WHAT YOU ARE ASKED TO DO:
Please output only the lines running from the one that contains "Prompt: 3 d wireframe of a beautiful woman" through the last line of the data below, exactly as they stand, with no pictures.

──────── SUPPLIED INFORMATION

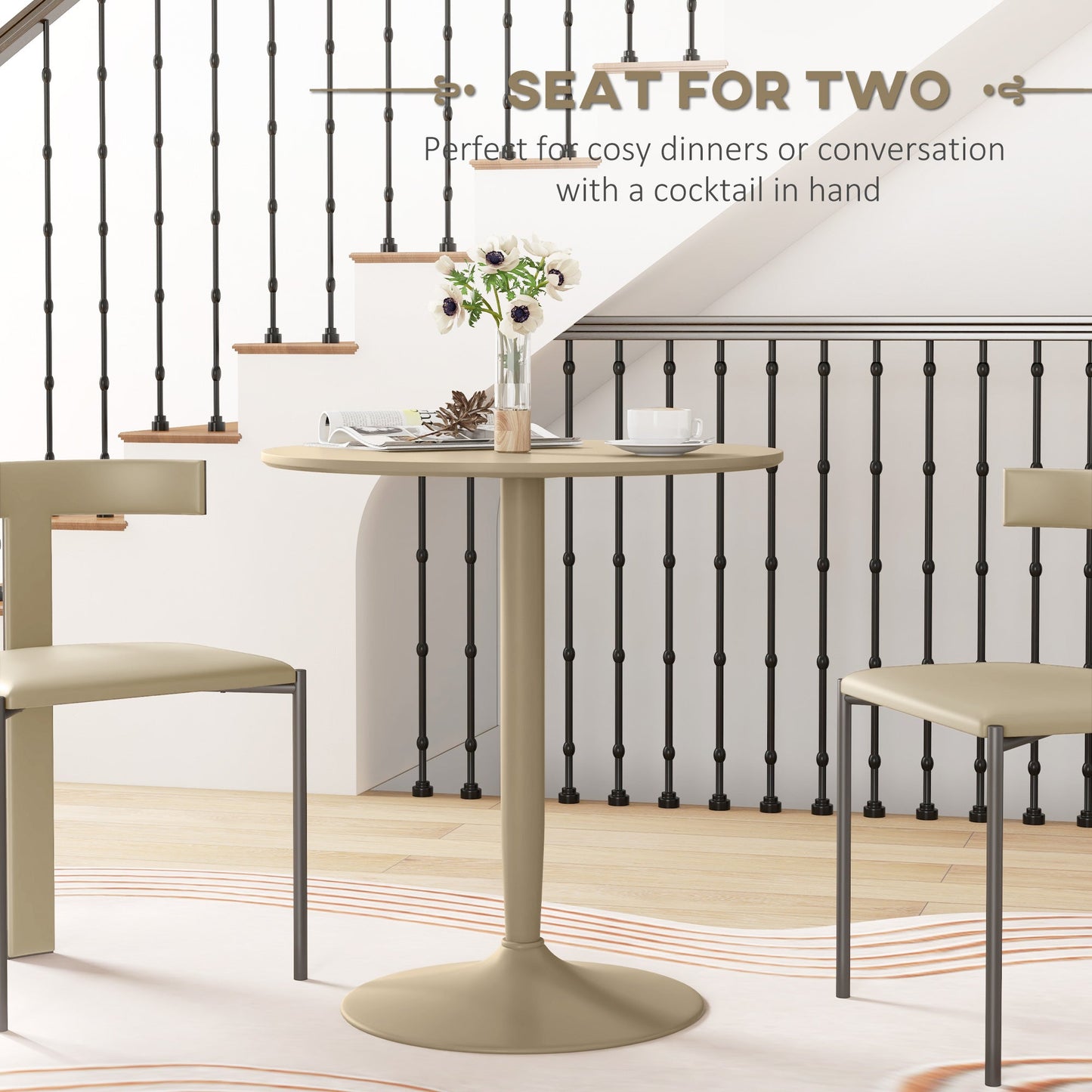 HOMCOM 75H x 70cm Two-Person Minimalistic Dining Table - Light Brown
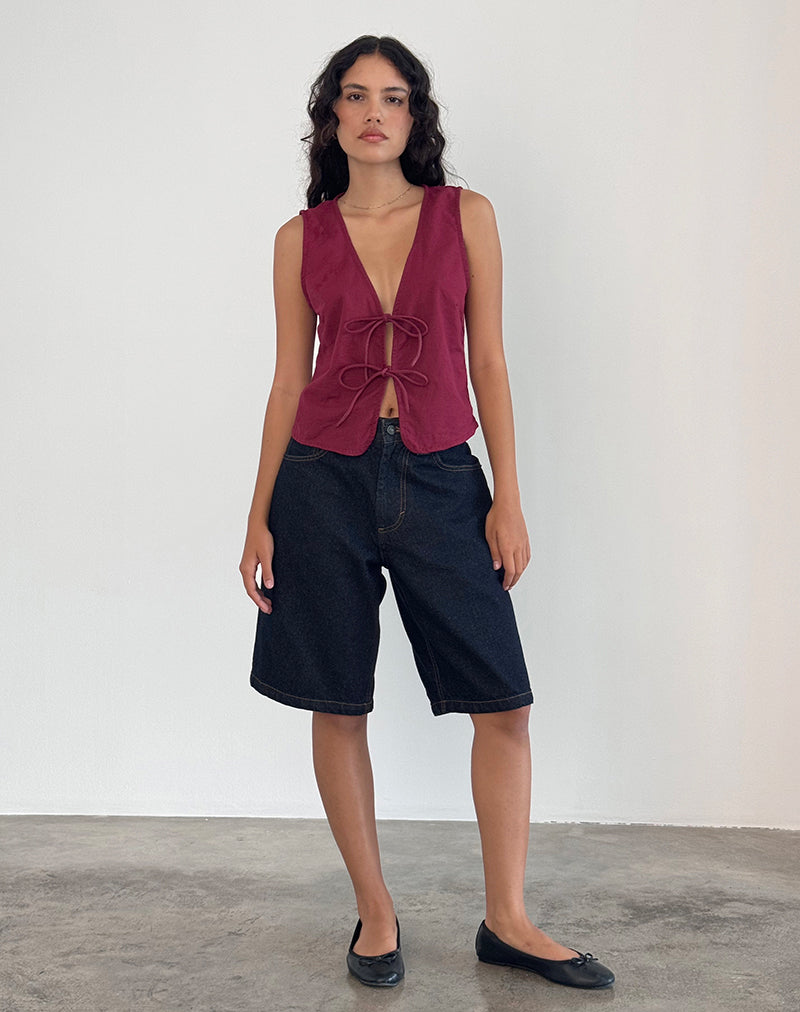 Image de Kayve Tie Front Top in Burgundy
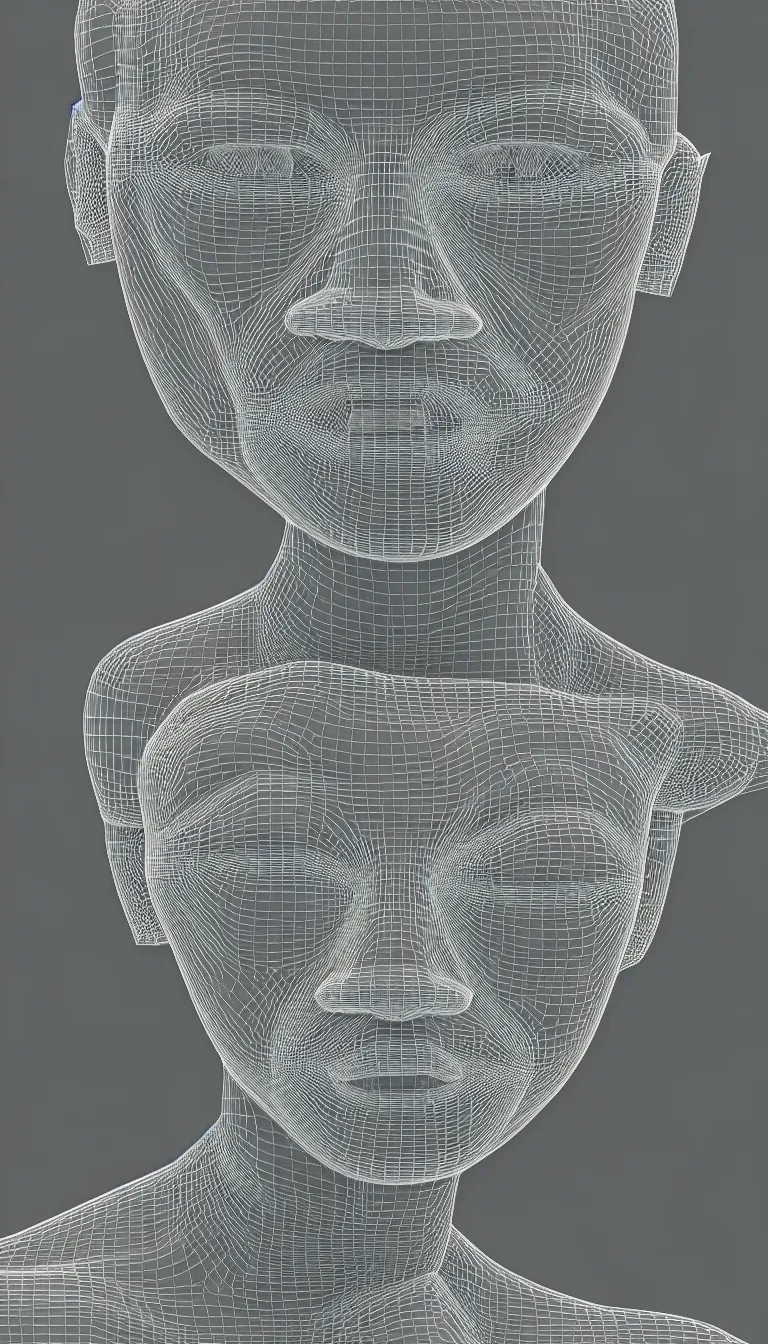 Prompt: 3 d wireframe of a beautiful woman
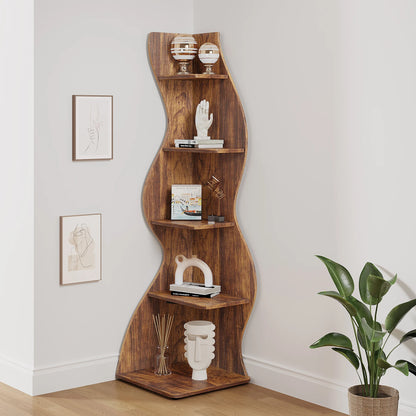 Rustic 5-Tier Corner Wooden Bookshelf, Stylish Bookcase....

────────────────

EXPECTED ANSWER:
 Prompt: 3 d wireframe of a beautiful woman
 Rustic 5-Tier Corner Wooden Bookshelf, Stylish Bookcase....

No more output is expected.